O TJ-RJ espera que essa ferramenta permita resolver um problema da área de saúde em até três horas, evitando a judicialização da demanda e promovendo uma solução que dá segurança jurídica a todos os envolvidos. Foi neste mesmo sentido que o Conselho Nacional de Justiça lançou, em fevereiro, seu Laboratório de Inovação, com um centro de inteligência artificial para reunir iniciativas que utilizem solução tecnológica para a pesquisa e a produção de serviços inteligentes para auxiliar na construção e aprimoramento de módulos do processo judicial eletrônico.
O Tribunal de Justiça de Minas Gerais desenvolveu uma solução de tecnologia batizada de Radar, capaz de ler processos e identificar se o processo se repete na Justiça e o entendimento a ser aplicado, com base no Superior Tribunal de Justiça, no Supremo Tribunal Federal ou no próprio TJ-MG. Assim, o robô sugere um padrão de voto que é revisado pelo relator. Na primeira vez em que foi usado, em novembro do ano passado, em uma sessão-piloto, o colegiado da 8ª Câmara Cível julgou, em menos de um segundo, 280 processos similares. “Queremos ser os Jetsons, não os Flintstones”, disse o vice-presidente do TJ-MG.
O ministro do STF Luiz Fux produziu um ensaio sobre o reflexo da inteligência artificial no Direito em que reúne exemplos de sucesso da aplicação das chamadas lawtechs no Judiciário brasileiro, com destaque para o robô Victor, usado pelo Supremo. Ele ajuda na avaliação do enquadramento dos recursos em relação aos principais temas de repercussão geral fixados pelo tribunal, bem como separa e classifica as peças mais relevantes do processo judicial. Essa tarefa a máquina faz em cinco segundos, um trabalho que antes era feito por servidores em aproximadamente 30 minutos.
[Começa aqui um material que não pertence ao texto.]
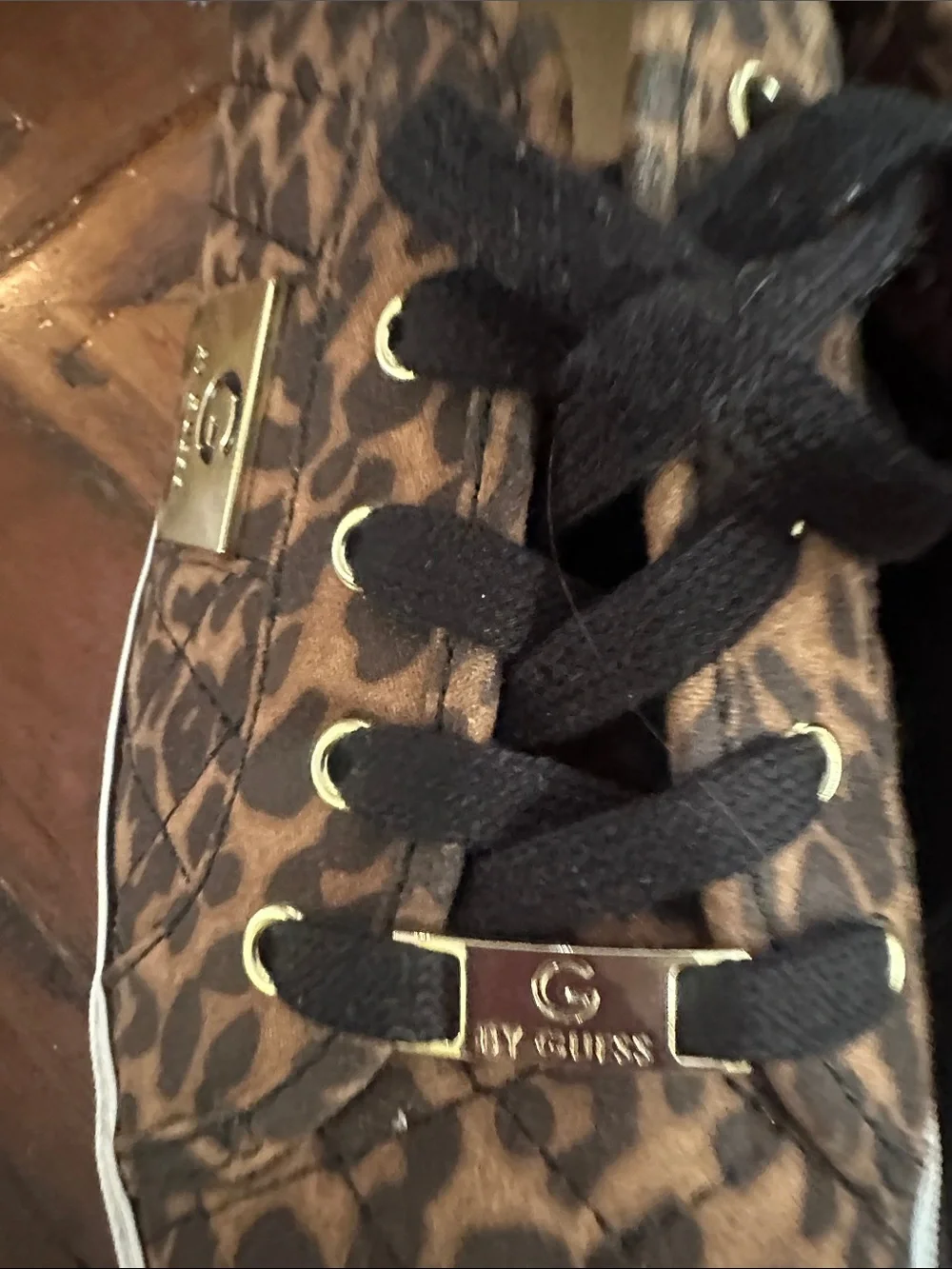 Guess Leopard-Print Lace-Up Sneakers in Brown and Black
O ministro também lembrou do advogado-robô Ross, criado pela IBM e usado por uma das maiores bancas dos Estados Unidos, a Baker & Hostetler.
No que diz respeito aos advogados, as principais faculdades de Direito já despertaram para a importância de enfatizar na formação dos futuros profissionais a capacidade de conciliar e recorrer a técnicas de mediação. O ensino não pode mais preparar o advogado somente para litigar. Direito já não é mais sinônimo de processo.
O advogado precisa entender as novas ferramentas conciliatórias e enxergá-las não como ameaça ao seu trabalho, mas como novas oportunidades para sua execução. Não é por acaso que o mercado de lawtechs está em franca expansão. Antes do que se pode imaginar, a judicialização será uma exceção na Justiça brasileira, o que permitirá que ela se torne mais célere e capaz de responder ao clamor social por meios mais eficientes para a solução de conflitos.